No, of course not. Then again, there aren't other physicians fighting to deliver anesthesia in the OR, either, so this is a bit of a false dichotomy.

What I think is not in dispute:

1) ASA 1-2 can probably be safely staffed by CRNAs with appropriate-ratio anesthesiologist oversight. Higher acuity cases merit an anesthesiologist providing care directly. THIS IS AN ISSUE WE SHOULD BE FIGHTING TOOTH AND NAIL.

2) The specialty has been substantially diluted by the ASAs lack of effort, and, as others have pointed out, muddy motives on the part of the society's leadership and many in PP who have gotten rich along the way.

3) We keep turning out more and more anesthesiologists.

4) There is an intensivist shortage.

When I add up 1-4 I don't see a strong case for PSH and trying to steal food out of the mouth of the hospitalists (unless you really believe that it will somehow protect us when bundled payments come... And I don't. Anesthesiologists will just have ended up doing more work for the same/less money). I do, however, see a compelling case to encourage push the future of the specialty towards training intensivists.

Half tongue-in-cheek, but nobody calls an intensivist doc "hey ICU". I think this says a lot.

PS - the ultimate ad campaign would be to have a picture of Bill Clinton with a caption like "Even though Bill Clinton's mom was a nurse anesthetist, when the president had surgery, he chose a physician anesthesiologist." Make the point unequivocally -- when you want the highest possible odds of a good outcome (and everyone going in to the OR does), there's one "right choice".
 
Because you don't want to bite the hand that feeds you. Supervising 4 rooms make a lot of anesthesiologists rich. If physicians are that much better then why are you splitting your attention between 4 patients at a time?

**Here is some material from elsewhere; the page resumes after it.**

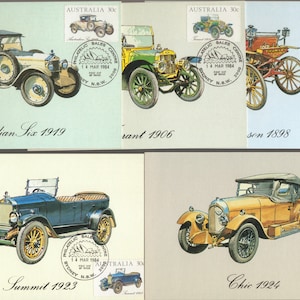 VINTAGE australische CARS Set mit 5 Briefmarken auf 5 Maxi Karten - SCARCE 1984 Set -Tolles Geschenk für Papa, Rahmen oder Scrapbooking-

Do the patients even know that you are supervising 3 other cases in addition to theirs? Put your money where your mouth is and go back to physician-only anesthesia. The problem is that there are a lot of old-timers out there that couldn't do a simple case by themselves if their life depended on it.

The bad PR that the ASA is getting crushed on was brought upon by themselves. There are ways to improve the image of the specialty, but that would mean presenting ourselves as physicians to the patients and rest of the staff and not just chart-signers.
Its a matter of access to anesthesia. If we went phyician only everywhere, we would have to train 5-7 thousand anesthesiologists every year. Think about that number. Do you think CMS can stomach footing that bill. the next best thing is the care team as we know it. That is being threatened too now.